Conservatives should know better and can do better. The years of privatisation revealed three great truths. Introducing competition and therefore giving consumers more choice gave a great boost to output and value for money. Opening up nationalised areas for private capital greatly expanded the total investment we could afford to put in. Allowing many decision makers instead of imposing an answer led to much greater innovation. The electricity generating industry freed of central control and state budgets put in a large increase in combined cycle gas generating capacity to supplement and then to replace expensive and dirty coal. Why hadn’t the nationalised industry understood how much more fuel efficient and cleaner gas was? Power prices went down, we generated all we needed at home and had spare capacity just in case. The state telephone monopoly had backed a switching technology that no other country wished to buy and was well behind the breakthroughs with electronic switching made in the USA. The privatised industry dumped Strowger switching and leapt into the electronic age pulling the UK supply industry with it. Where rail competition was allowed in a less satisfactory privatisation it produced better and cheaper services, but was stifled in most places by continuing with top down controls.
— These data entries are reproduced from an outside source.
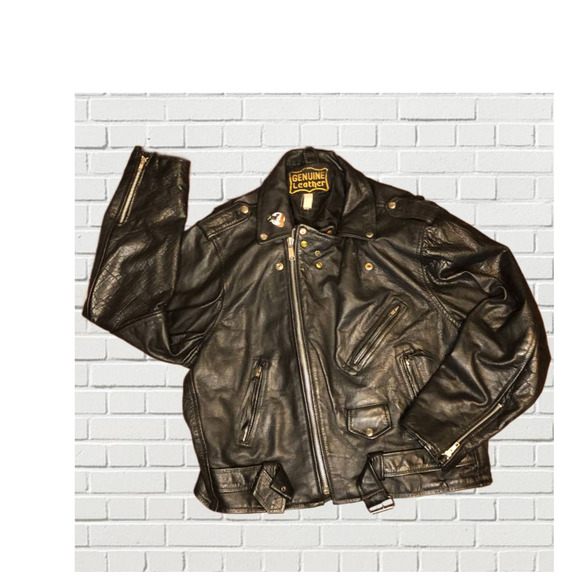 Vintage Other - VTG genuine Leather Moto Biker Jacket 80s 90s Asymetrical Zippers L XL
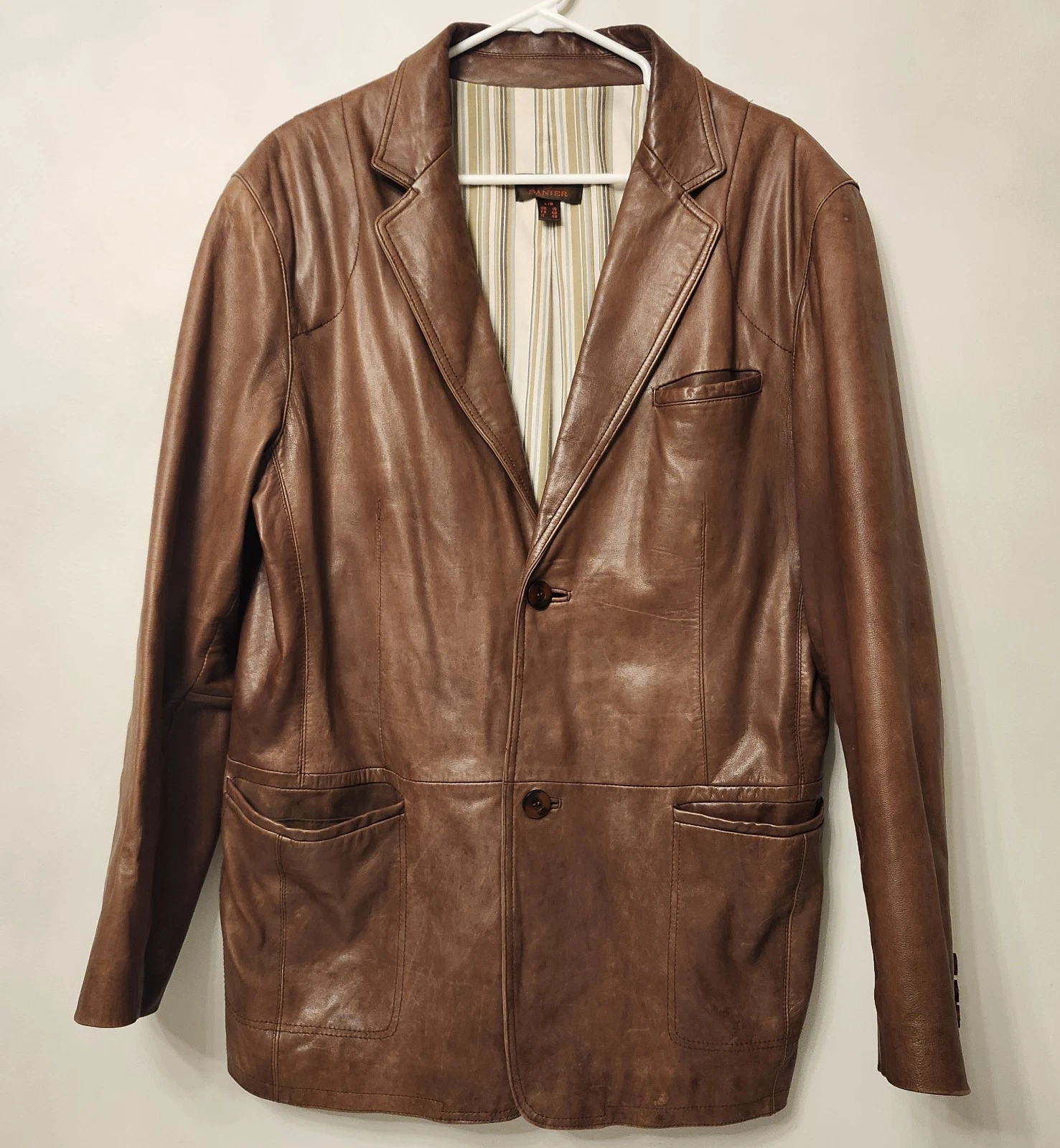 VTG DANIER Brown Lambskin Men's Blazer 2 Front Pockets Stripped Lining US 18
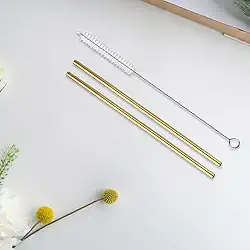 Canudos dourados de aço inoxidável, canudo reutilizável de 17 cm com escova de limpeza, adequado para bebidas, sucos, chá (2 lisos / 1 escova)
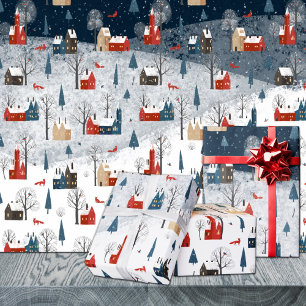 Papel De Presente Raposa Vermelha da Aldeia Vermelha da Montanha Nó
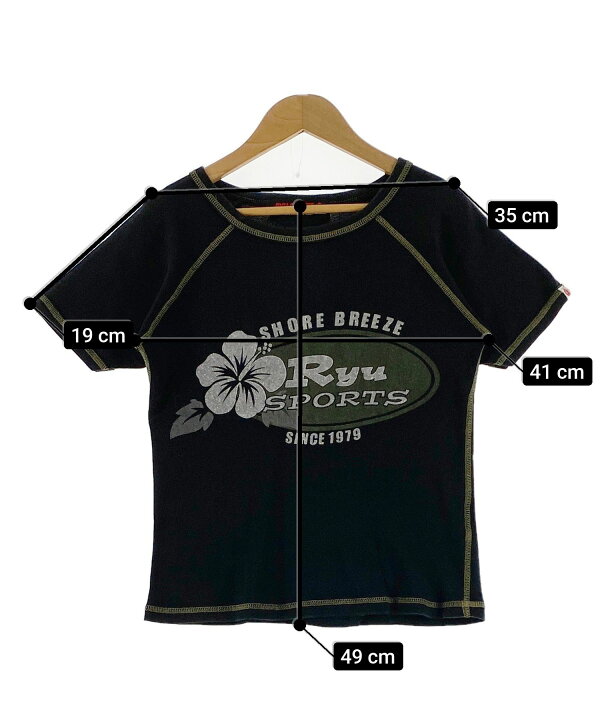 RYU SPORTS プリントTシャツ サイズ表記 M ブラック リュウスポーツ ラグラン SHORE BREEZE ハイビスカス ラメ レディース トップス カットソー 半袖 プリント 2000年代 00s y2k 古着 中古 WV2504-R0134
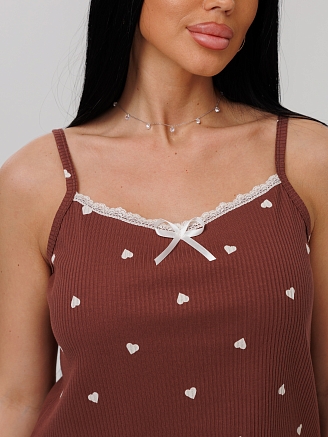 Женская пижама П-96(Каш)/ Шоколадный (сердечки)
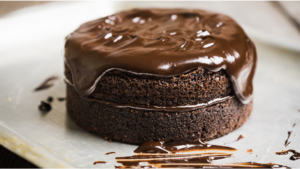 two layers chocolate cake with chocolate glaze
Today we have to rediscover the old truths about nationalisation. The businesses will regard the government as the main customer, not the people who use the trains or need the energy and communications links. Managers will court and bully Ministers for more subsidy to cover over bad management. The Unions will enjoy striking against the government, knowing that the taxpayer can end up paying their wages where customers do not. Major mistakes will be made about investment priorities, about technologies, about levels and type of service to be provided, as they will decided centrally following political rows and will often not be customer responsive. I have no idea why some of my MP colleagues think a nationalised railway will work better. There is no sign of Unions readily accepting pay deals from the nationalised parts of the railway, and certainly no signs of them wanting to collaborate more with Minister led parts of the industry over improved work practices.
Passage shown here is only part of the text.